You’re Standing On My Neck
by Yume Ninja-Sovereign | April 26th, 2012

Round black glasses, green jacket, black skirt, and combat boots! If you spent part of your high school education in the 90s, no doubt you met Daria Morgendorffer.
Daria was one of many intelligent, cynical, and witty women of the 90s that had a big influence on my adolescent life. Animated or not, she was definitely a memorable voice of my generation. It was Daria that showed me and probably many other rather shy and awkward late-bloomers, that it’s okay to have standards and principles.
Through her own failures as well, she showed us that our own fears of losing an identity, shouldn’t stop us from futher developing socially, intellectually, or emotionally.
Since I’ve been watching Daria episodes while working, I got to thinking that doing an updated but inspired Daria look would be fun.
I also posted this look on my lookbook, so if you like it please feel free to hype it. Thanks.

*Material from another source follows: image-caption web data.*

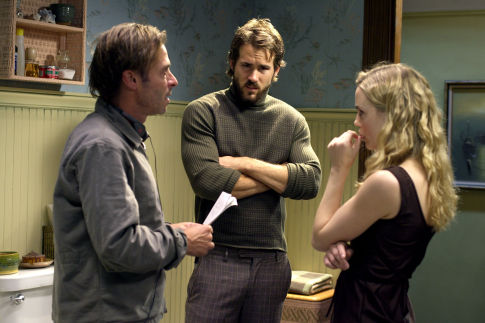 Director ANDREW DOUGLAS discusses a scene with RYAN REYNOLDS and MELISSA GEORGE on the set of THE AMITYVILLE HORROR.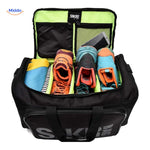 SNKRPro travel bag packed with sneakers, shoes, and clothing items.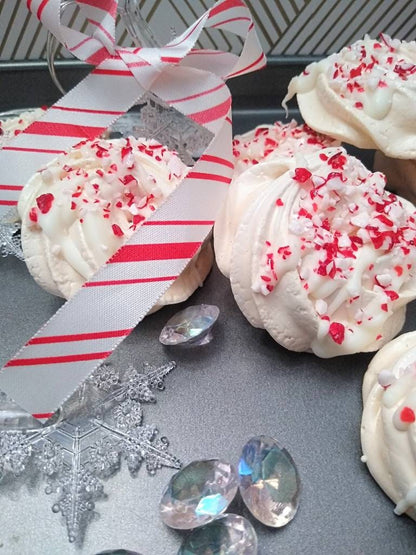 Vanilla Meringue Cookies Drizzled in White Chocolate and Crushed Candy Cane Sprinkles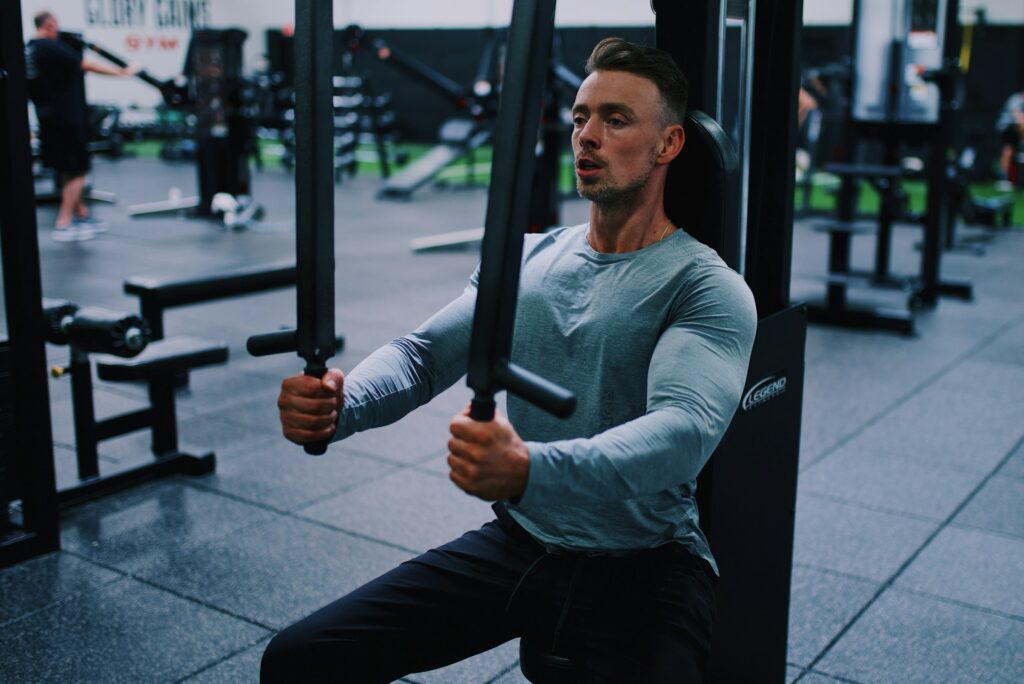 Man performing a machine pec fly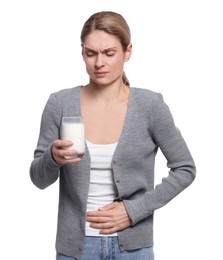 Photo of Woman with glass of milk suffering from lactose intolerance on white background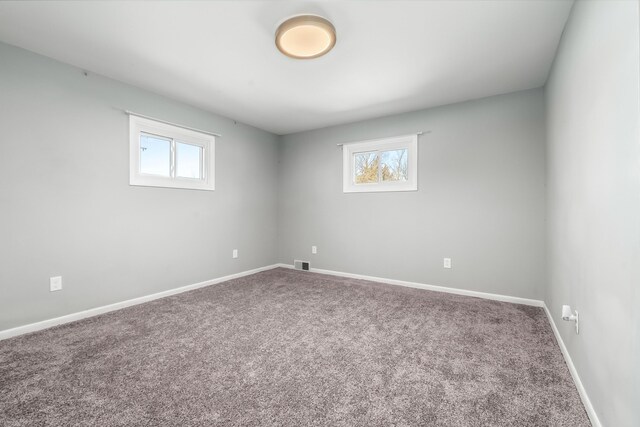 carpeted empty room with baseboards, visible vents, and a healthy amount of sunlight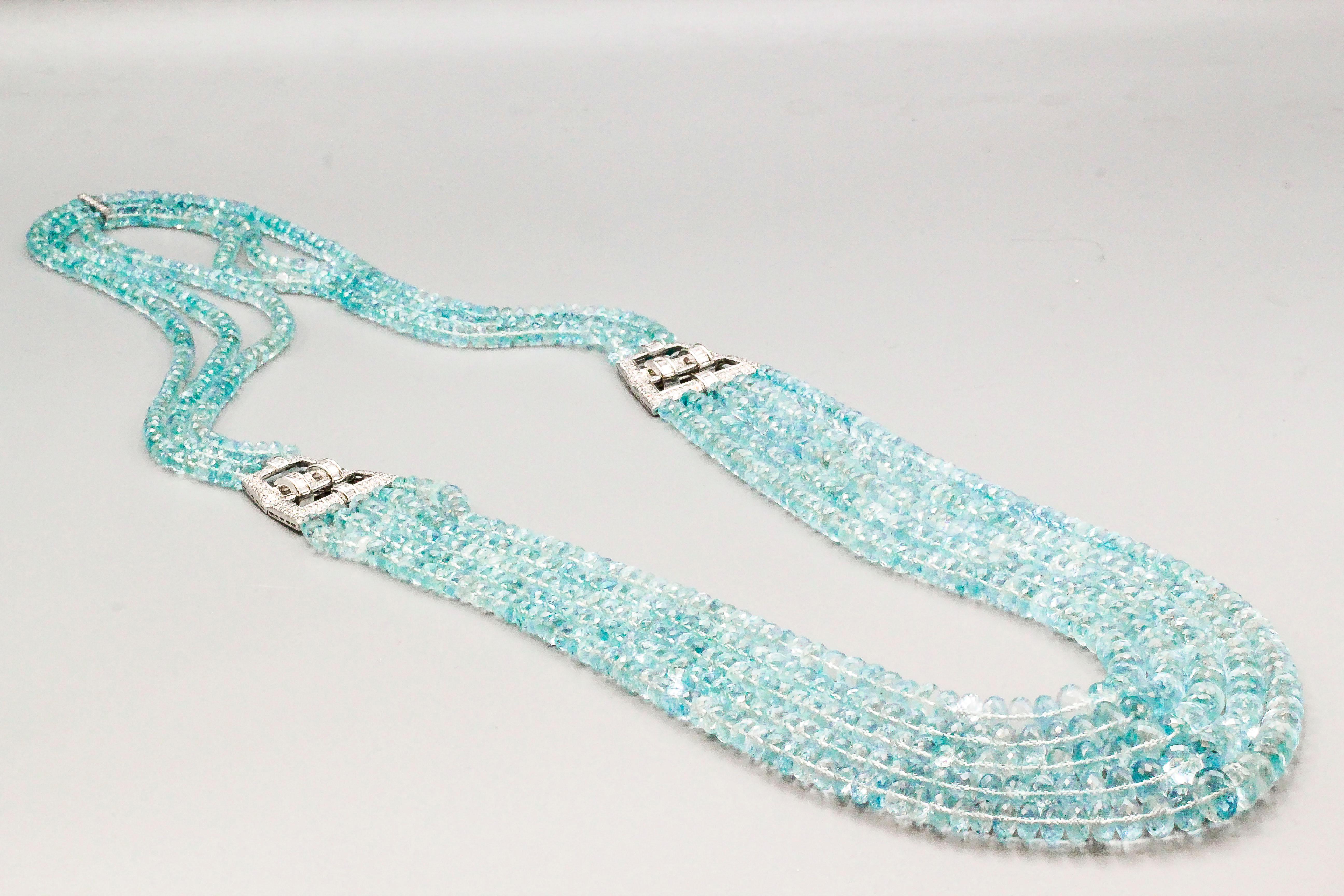 Impressive multi-strand faceted aquamarine bead necklace with 18k white gold and diamond accents, circa 1970s. It features approx. 1100 cts of aquamarines and approx. 3cts of high grade round and baguette cut diamonds. This necklace is further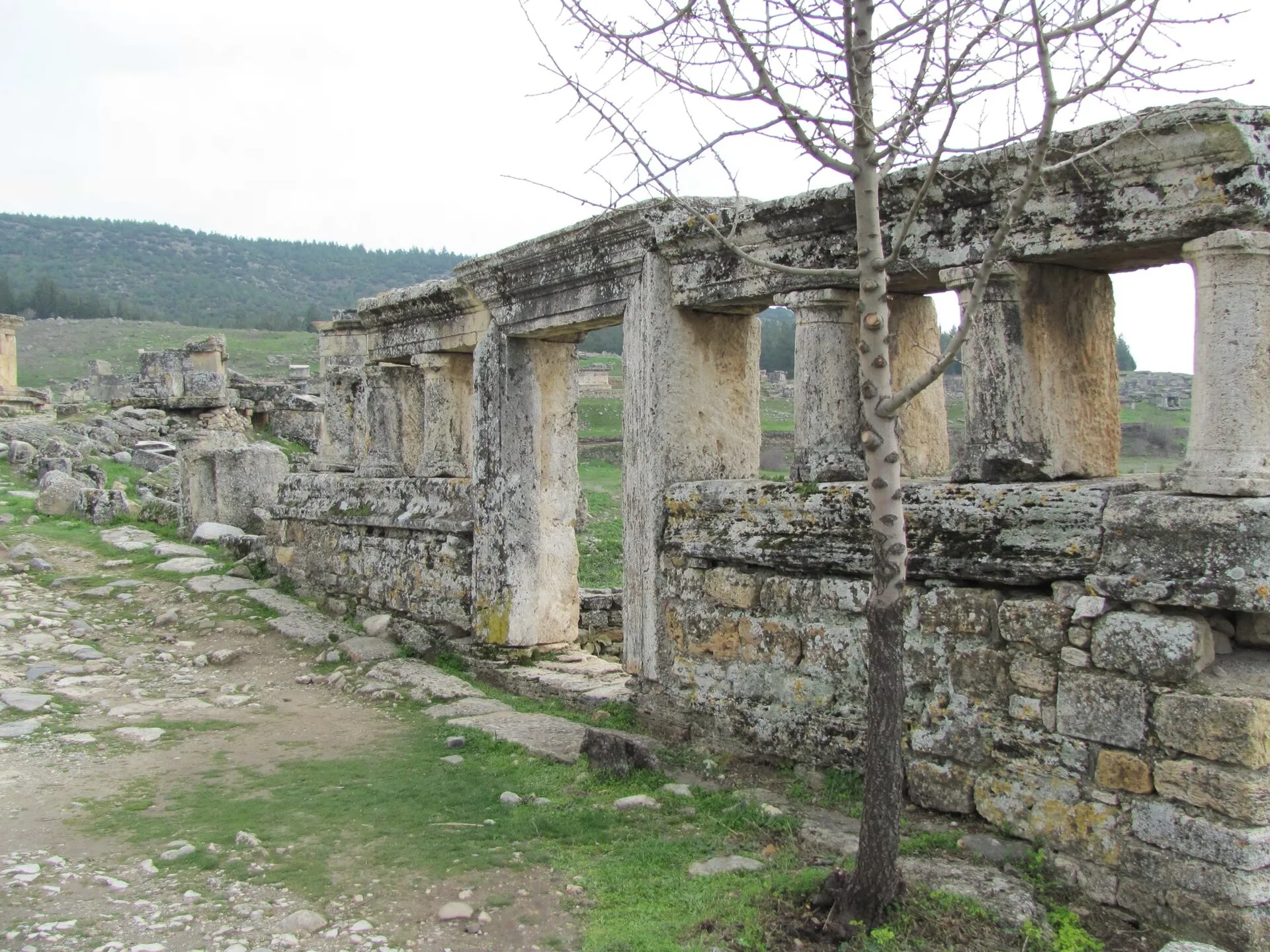 The ancient ruins of Hierapolis on the plateau above the Pamukkale terraces under midday sun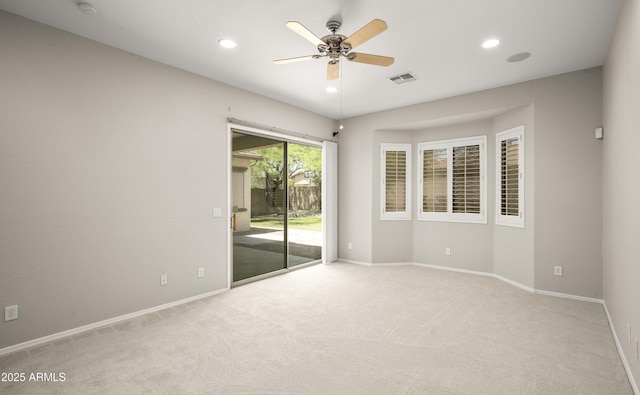 carpeted spare room with a ceiling fan, baseboards, recessed lighting, and a smoke detector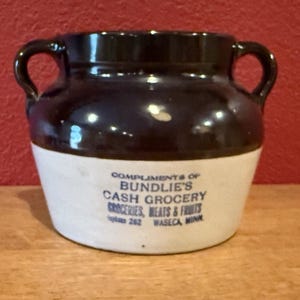 Puede incluir: Un tarro de cerámica antiguo con la parte superior marrón oscuro y dos asas. La parte inferior es blanca con texto azul que dice "Compliments of Bundlie's Cash Grocery". Una pieza clásica de menaje.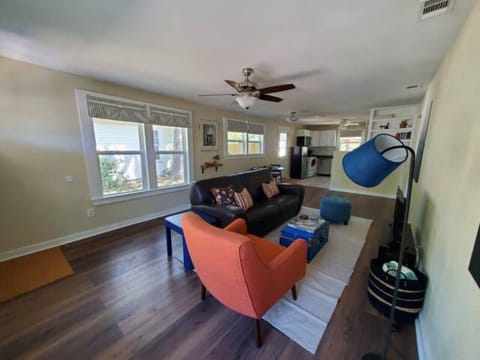 Open concept living room, dining and kitchen.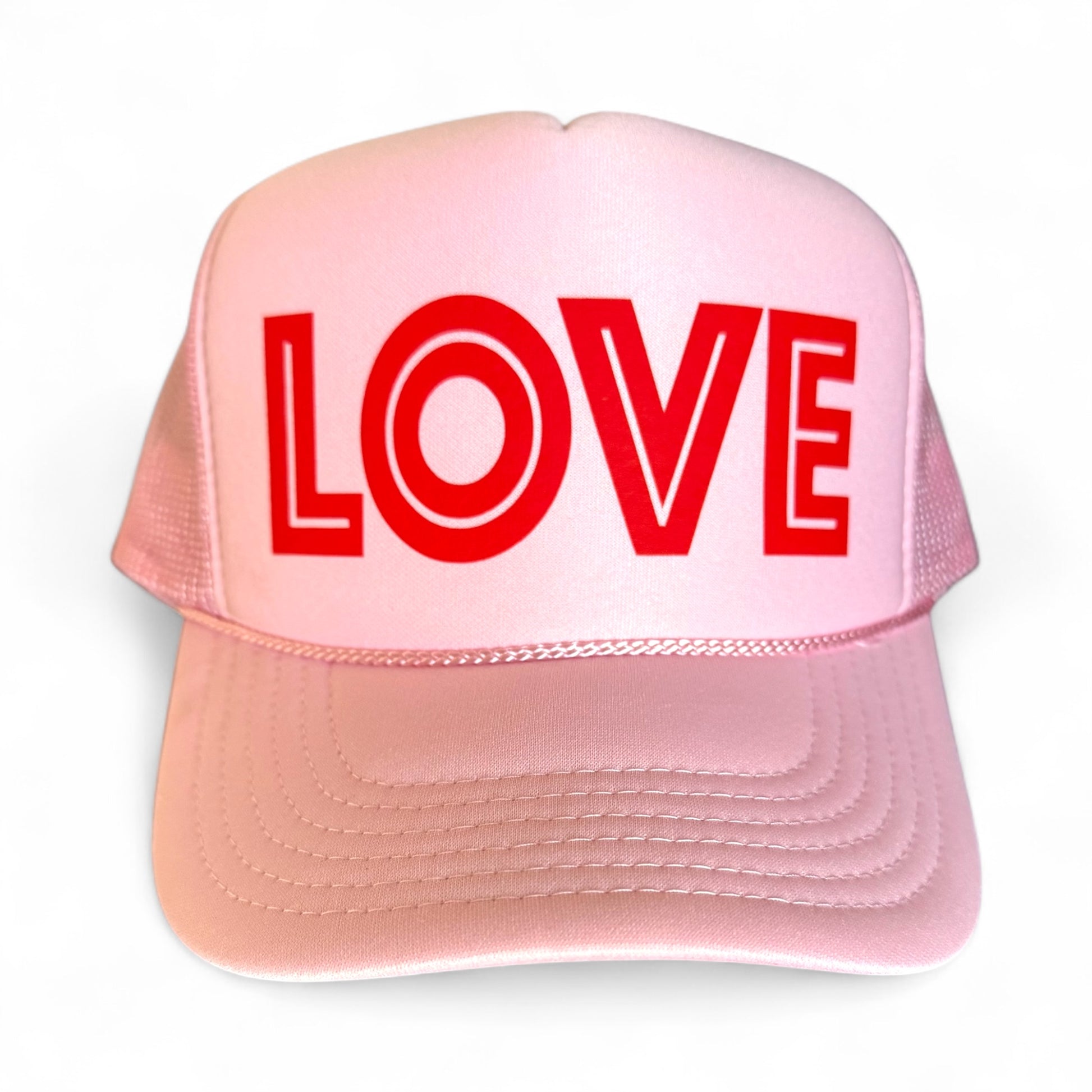 Pink cap with 'LOVE' in red on a white background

Back in 1997 when Daria first aired, I used to see myself as Daria. Looking back, I am totally more of a Jane Lane type. Though I didn’t fit in, I also wasn’t stubbornly content on staying in my world and judging people who didn’t quite live up to my personal standards. This is much more characteristic of Jane than Daria.

Before people start gathering their pitch forks, lets agree on one thing:
Daria JUDGED people who did not live up to her standards.
And let’s be honest, as teenagers, we all judged people. People were either too cool, or not cool enough. There was a constant search to be the right amount of “cool” without trying.

I was a complete geek growing up. Super UN-cool.
Shyness, insecurity, and self-doubt was part of my daily 16-year old routine. Adding to cliche, my younger brother was a popular football player. Nobody ever remembered my name, except that I was “Mike’s other sister”. I’m one of THREE sisters.
Now that I’m 30, I’m still very much that same geeky girl. Perhaps I’m less of a social outcast, but my interests haven’t changed, they’ve only gone deeper into the dorky side while expanding into self-love.
I still feel insecure, awkward, and uncool. The biggest difference is that I don’t let it stop me from moving forward, engaging people, and putting myself out there. That’s something I’ve learned from Daria.

Maybe some people might have missed that lesson between the witticisms and sarcasm.
Though Jane and Daria consistently take witty jabs at their cluessless and less intelligent peers, both girls learn lessons in when to stick to their ideals, and when to play ball with the popular crowd.
That’s what I respect most about Daria, that she can see the error in her ways and grows up in the process.

I’d like to think that Daria would have embraced her femininity and sexuality as she grew older. . The green, the orange, and the boots are still there. They are just more up to date, and much more flattering than her boxy outfit from high school.
I had a lot of issues with body image when I was in highschool, even through part of college! I didn’t learn to do my hair and makeup until later in life, and so I’d like to think this is an ode to grown up Daria. A woman, who isn’t afraid of her body.

I think Daria would have blossomed into someone who wasn’t afraid of being seen as wanting to dress up or look nice. And I’d like to think she could realize that looking pretty wouldn’t mean she’d have to sacrifice who she was.

So to any girls out there who might have felt like I did or Daria did back in high school, it won’t last forever and you’re not alone. We’re all shy and unsure, but you can’t let it hold you back.

And finally, the makeup breakdown. Everything is Sugarpill unless the brand is mentioned:

Well hope you guys enjoyed my ode to Daria Morgendorffer. If you enjoyed the series or have any thoughts on the show, I’d love to hear it too!













I want to dress as Jane
you should!
I love this post so much ;O;
I saw it last night on instagram and you are too cute as Daria. the makeup, the updated outfit, and I practically died at that first pic! I loved the show growing up and totally related to her being a social outcast and un-hip. I am a bit more self confident than I was back then, but I also feel like I’ve become more of an outcast as I’ve gotten older.. :/ your words hit close to home for me, and I seriously adore this post.
thanks so much!!
i’m really glad that this post reached out to you and a few other girls too. i think we’re all a bit dorky and uncomfortable at that age, but the important thing is that we didn’t give up!